В связи с этой датой в Белгороде проходит целая волна выставок и мероприятий. Отметим основные из них.
В частности, V Открытый Белгородский фестиваль изобразительных искусств памяти Косенкова. Мероприятие открылось крупномасштабной межрегиональной выставкой-конкурсом, развернувшейся в Белгородском государственном художественном музее (БГХМ) и в выставочном зале «Родина». Вниманию посетителей представлены около пятисот произведений живописи, скульптуры, графики, декоративно-прикладного, театрально-декорационного и храмового искусств. В этом году фестиваль объединил около трех сотен художников из Белгородской, Курской, Орловской, Липецкой, Воронежской, Тамбовской, Тверской областей, Москвы и Санкт-Петербурга, Донбасса, а также Украины. Фестиваль, учрежденный в 2011 г. (год 70-летия С. Косенкова) постановлением Правительства Белгородской области, традиционно включает комплекс мероприятий – выставку с конкурсной программой, научно-практическую конференцию «Актуальные вопросы развития отечественного изобразительного искусства в провинции», лекции и др.

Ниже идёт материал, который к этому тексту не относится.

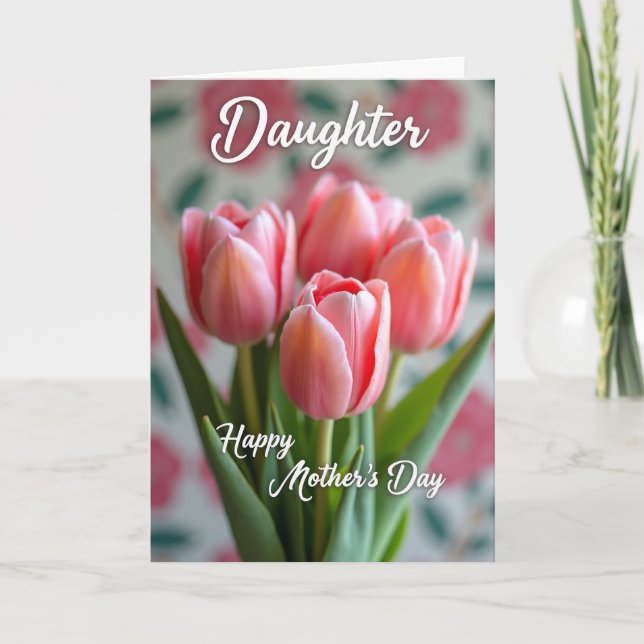 Tarjeta de ramo floral de hija a rayas (Anverso)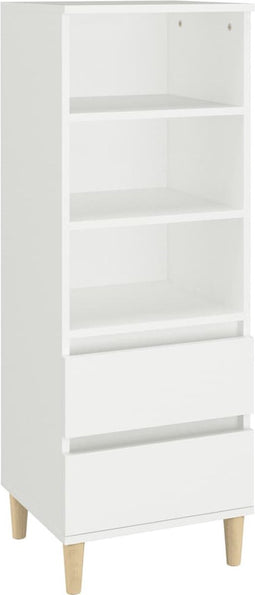vidaXL - Hoge - kast - 40x36x110 - cm - bewerkt - hout - wit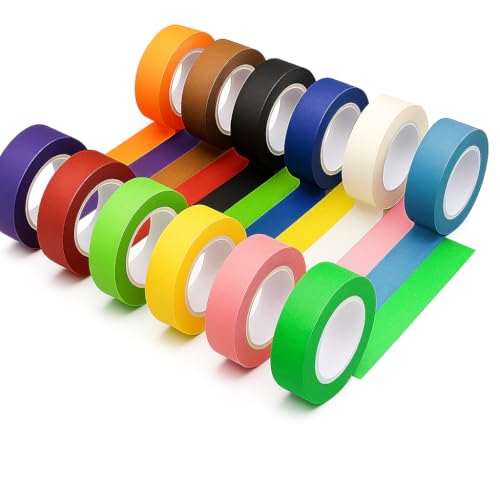 AHHALFFY 12 Rolls Colored Masking Tape Set,0.6in x 14.2yd Colorful Washi Tape for Kids Crafts, Scrapbooking, Journaling, DIY Projects, Decorative Craft Tape, Painters Tape Colors Variety Pack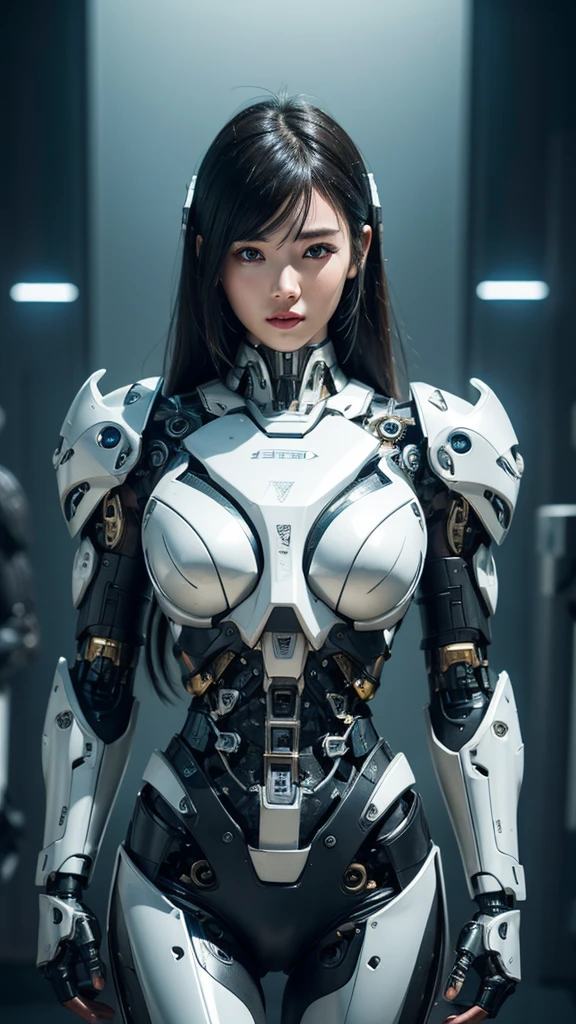 Textured skin, Super Detail, Attention to detail, high quality, 最high quality, High resolution, 1080p, hard disk, beautiful,(cyborg),beautiful cyborg woman,Mecha Cyborg Girl,Battle Mode,Girl with a mechanical body.A powerful cyborg woman, sleek and futuristic, with advanced mechanical augmentations that enhance her strength and capabilities.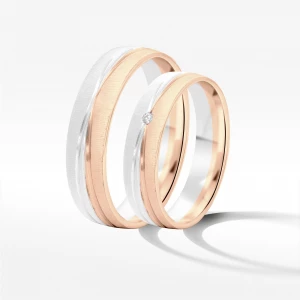 Obrączki ślubne z dwukolorowego złota 5mm Filipowicz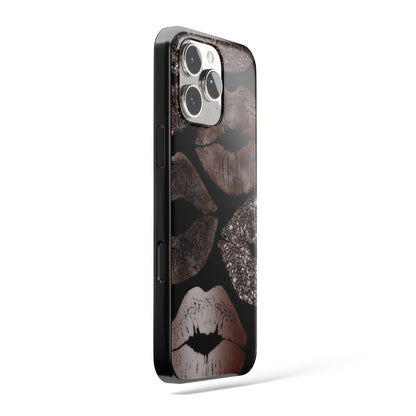 Kiss & Glam - Metalik Öpücük Desenli Telefon Kılıfı - Vertexcover.tr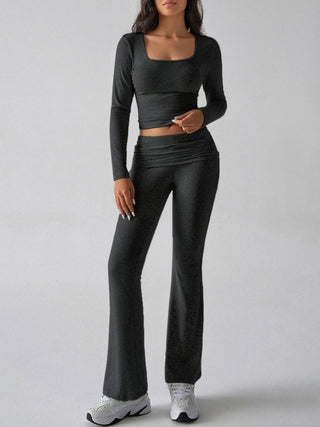 Square Neck Long Sleeve Top and Pants Set - Divacious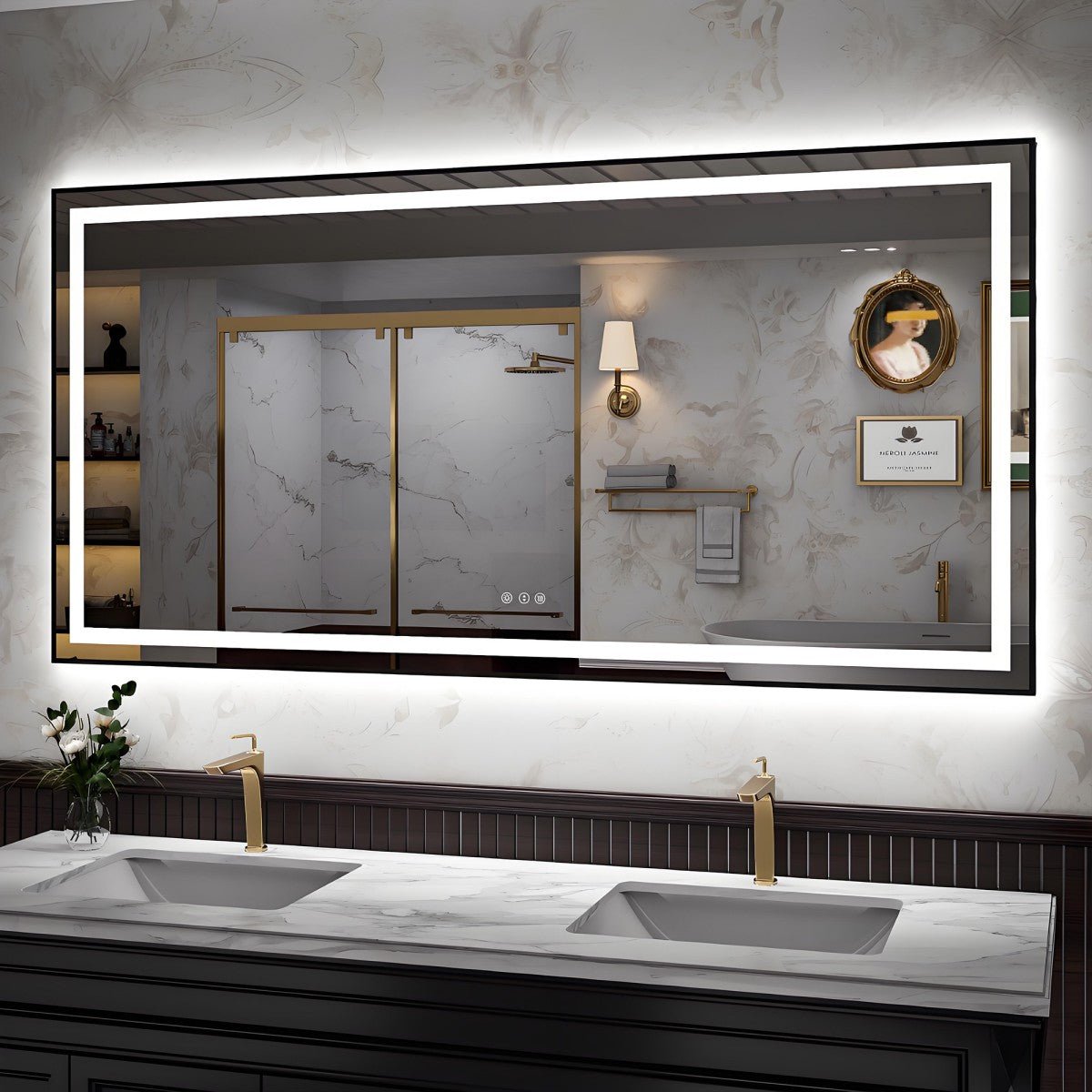 Apex - B 72x36in vanity with lights and mirror for Bathroom Wall,Framed LED Bathroom Mirror,Anti - Fog,Shatter - Proof,ETL Listed
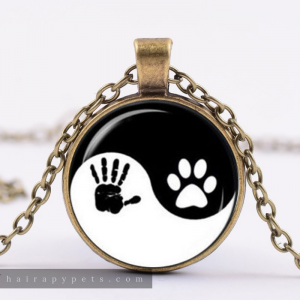 yin yang hand paw prints necklace bronze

Выставка косенковских иллюстраций к произведениям русских классиков из фондового собрания БГХМ организована в Белгородской государственной универсальной научной библиотеке. А в Музее-мастерской С.С. Косенкова открыта юбилейная экспозиция «По дороге в бессмертие…». В нее вошли последние крупные карандашные работы и цветные линогравюры 1970-х – значимые в художественном и философском смысле произведения автора, всего около полусотни. В Пушкинской библиотеке-музее также работает выставка «Книжные иллюстрации в творчестве С. Косенкова». Именно по инициативе Станислава Степановича Косенкова, члена Правления Всероссийского Пушкинского общества, в Белгороде была создана и сегодня успешно работает Пушкинская библиотека-музей.
Белгородская галерея фотоискусства им. В.А. Собровина открыла фотовыставку «Станислав Косенков. Взгляд в бесконечность». Сам художник, его произведения и мастерские запечатлены в работах шести признанных фотомастеров: Павла Кривцова, Леонида Тучнина, Анатолия Лукьянова, Леонида Гильмана, Бориса Ечина и Юрия Коренько. Снимки иллюстрируют жизнь художника от 1960-х годов, на которые пришлось начало его творческого пути, и до начала 1990-х – последних лет жизни.
В целом художественное наследие С. Косенкова, трагически ушедшего из жизни в 1993 г., составляет более шести тысяч работ. Произведения автора хранятся в Государственном музее изобразительных искусств им. А.С. Пушкина, Государственной Третьяковской галерее, Министерстве культуры России, Белгородском государственном художественном музее и десятках других собраний в России и за рубежом.
Косенков прочно утвердился и как станковист, и как «книжник». В начале 1970-х точкой отсчета стала для него обширная серия черно-белых линогравюр к «Преступлению и наказанию» Достоевского, принесшая молодому художнику широкое признание – европейское (Золотые медали в Лейпциге и Брно) и всесоюзное. К вехам в этом жанре добавим работы, связанные с повестью воронежца Евгения Дубровина «В ожидании козы», «житийные» листы к Лескову и семнадцать цветных линогравюр к рассказу курянина Евгения Носова «Красное вино Победы».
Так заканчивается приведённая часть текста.